暴力論
メールで感想をくださった方が多数いらっしゃいましたし、コメントを書いてくださった方もいらっしゃいました。
ありがとうございます。とても参考になりました。いやはや、こんなしょぼいブログに反応してくださって。
最初は、自分の少年時代の頃を思い出しながら、つらつらと思うがままに、まとまりもなく書いた話題でしたが、話がワイドワイドになってきました。
自分のようないわゆる変わり者(←変わり者じゃない奴っているのかね?)と言われる人間の肩身が狭くなるような風潮が気にくわなくて、筆をとったわけですけど。
メールやコメントの中には、
「プロボクサーのブログで、こういう話題を取り上げるのも珍しいね」
「分裂病である、ないに関わらず、子供達の暴力が最近目立ちすぎる。どんどん凶悪になっている」
「最近の子供達は怖いよ」
「弱い子が多くなったね」
「原因の究明の仕方が安易すぎる」
「特に狭い一部分にしか焦点をあてずに犯罪の引き金を特定してよいものか」
といったような意見がありました。
みんな、随分と関心があるようです。中には、教育に携わっている人もいますし。
自分は、今回の会津若松の事件は特殊な例として認識していますが、(特殊とはいっても、誰もが少年のようになる可能性は充分あると思うけど)基本的に、「暴力」というものに大きな感心を持っています。ボクシングが暴力と対極にあるものだから、逆に気になるのかも。

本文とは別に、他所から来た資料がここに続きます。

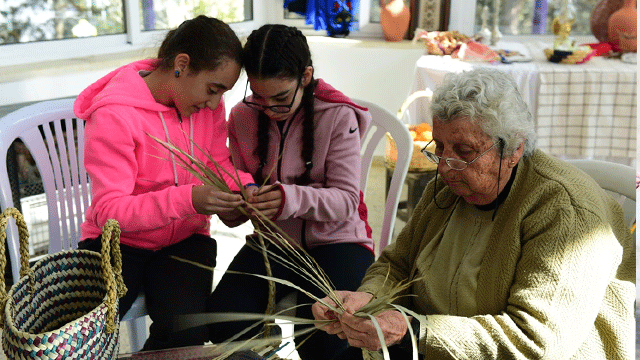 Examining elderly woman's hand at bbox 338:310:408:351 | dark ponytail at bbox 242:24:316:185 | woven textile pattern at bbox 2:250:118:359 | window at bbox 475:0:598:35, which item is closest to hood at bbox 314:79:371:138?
dark ponytail at bbox 242:24:316:185

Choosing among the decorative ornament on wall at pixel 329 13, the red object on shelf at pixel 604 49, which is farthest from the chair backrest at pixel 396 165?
the decorative ornament on wall at pixel 329 13

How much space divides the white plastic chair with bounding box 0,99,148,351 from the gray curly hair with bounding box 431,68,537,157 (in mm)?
1021

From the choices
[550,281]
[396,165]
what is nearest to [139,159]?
[396,165]

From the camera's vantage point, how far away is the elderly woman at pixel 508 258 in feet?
3.99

ボクシングは、暴力と対極にあるものだから、プロボクサーである自分は、暴力から遠く離れたところにいるかというと、そうではなくて、暴力と日常的に隣り合わせで生活していると。(これは誰でもそうですよね。いつ自分に災難が降りかかるかわからない)
遠いようで近くにある暴力。
さて、自分は、暴力事件(いじめも暴力に含まれる)や殺人事件が起きたとき、「何でこんなことをするんだ」というような原因を考えたりはしません。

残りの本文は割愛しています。